§ **ACTIVITY**: From the line containing "TMC nominates Ritabrata Banerjee to Rajya Sabha TMC" down to the last line of the records below, restate each line word for word and leave out the rest.
═══ TASK DATA ═══
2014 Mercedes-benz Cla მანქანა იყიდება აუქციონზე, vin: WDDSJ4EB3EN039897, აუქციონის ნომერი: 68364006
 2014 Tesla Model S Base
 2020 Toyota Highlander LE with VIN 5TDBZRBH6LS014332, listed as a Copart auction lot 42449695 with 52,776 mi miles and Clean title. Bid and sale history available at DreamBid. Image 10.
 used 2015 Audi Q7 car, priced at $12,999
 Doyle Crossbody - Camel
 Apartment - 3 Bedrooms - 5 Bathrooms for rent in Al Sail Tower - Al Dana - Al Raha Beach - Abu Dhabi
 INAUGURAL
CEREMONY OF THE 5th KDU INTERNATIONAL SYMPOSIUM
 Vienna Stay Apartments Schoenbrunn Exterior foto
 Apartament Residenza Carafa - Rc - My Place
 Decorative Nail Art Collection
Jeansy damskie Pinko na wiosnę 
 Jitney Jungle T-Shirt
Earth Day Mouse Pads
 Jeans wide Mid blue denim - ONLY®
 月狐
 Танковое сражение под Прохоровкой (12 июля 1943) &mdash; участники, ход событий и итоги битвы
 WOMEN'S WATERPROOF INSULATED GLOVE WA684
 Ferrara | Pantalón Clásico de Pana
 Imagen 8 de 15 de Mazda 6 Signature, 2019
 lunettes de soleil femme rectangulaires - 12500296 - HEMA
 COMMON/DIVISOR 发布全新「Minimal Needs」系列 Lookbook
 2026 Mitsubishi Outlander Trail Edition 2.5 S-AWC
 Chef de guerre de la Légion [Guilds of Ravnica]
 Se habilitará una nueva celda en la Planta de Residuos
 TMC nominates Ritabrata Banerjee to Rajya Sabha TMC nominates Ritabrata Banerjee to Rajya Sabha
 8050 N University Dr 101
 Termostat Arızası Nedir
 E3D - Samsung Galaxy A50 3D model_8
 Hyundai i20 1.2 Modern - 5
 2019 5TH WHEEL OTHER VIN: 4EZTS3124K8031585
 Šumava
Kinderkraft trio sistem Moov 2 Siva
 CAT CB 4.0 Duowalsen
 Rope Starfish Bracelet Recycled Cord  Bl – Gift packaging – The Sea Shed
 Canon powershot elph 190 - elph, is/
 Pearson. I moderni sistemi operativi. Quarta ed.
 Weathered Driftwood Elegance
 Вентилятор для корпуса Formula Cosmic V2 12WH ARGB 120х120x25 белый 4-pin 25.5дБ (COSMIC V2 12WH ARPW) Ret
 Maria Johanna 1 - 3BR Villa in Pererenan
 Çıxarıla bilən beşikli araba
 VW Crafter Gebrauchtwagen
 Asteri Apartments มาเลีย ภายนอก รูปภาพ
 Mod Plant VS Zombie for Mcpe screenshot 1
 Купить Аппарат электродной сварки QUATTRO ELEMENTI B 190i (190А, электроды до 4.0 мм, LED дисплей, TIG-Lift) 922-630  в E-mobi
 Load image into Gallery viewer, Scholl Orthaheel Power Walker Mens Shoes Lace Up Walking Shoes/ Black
═══
§ **RESULT BELOW**:
 TMC nominates Ritabrata Banerjee to Rajya Sabha TMC nominates Ritabrata Banerjee to Rajya Sabha
 8050 N University Dr 101
 Termostat Arızası Nedir
 E3D - Samsung Galaxy A50 3D model_8
 Hyundai i20 1.2 Modern - 5
 2019 5TH WHEEL OTHER VIN: 4EZTS3124K8031585
 Šumava
Kinderkraft trio sistem Moov 2 Siva
 CAT CB 4.0 Duowalsen
 Rope Starfish Bracelet Recycled Cord  Bl – Gift packaging – The Sea Shed
 Canon powershot elph 190 - elph, is/
 Pearson. I moderni sistemi operativi. Quarta ed.
 Weathered Driftwood Elegance
 Вентилятор для корпуса Formula Cosmic V2 12WH ARGB 120х120x25 белый 4-pin 25.5дБ (COSMIC V2 12WH ARPW) Ret
 Maria Johanna 1 - 3BR Villa in Pererenan
 Çıxarıla bilən beşikli araba
 VW Crafter Gebrauchtwagen
 Asteri Apartments มาเลีย ภายนอก รูปภาพ
 Mod Plant VS Zombie for Mcpe screenshot 1
 Купить Аппарат электродной сварки QUATTRO ELEMENTI B 190i (190А, электроды до 4.0 мм, LED дисплей, TIG-Lift) 922-630  в E-mobi
 Load image into Gallery viewer, Scholl Orthaheel Power Walker Mens Shoes Lace Up Walking Shoes/ Black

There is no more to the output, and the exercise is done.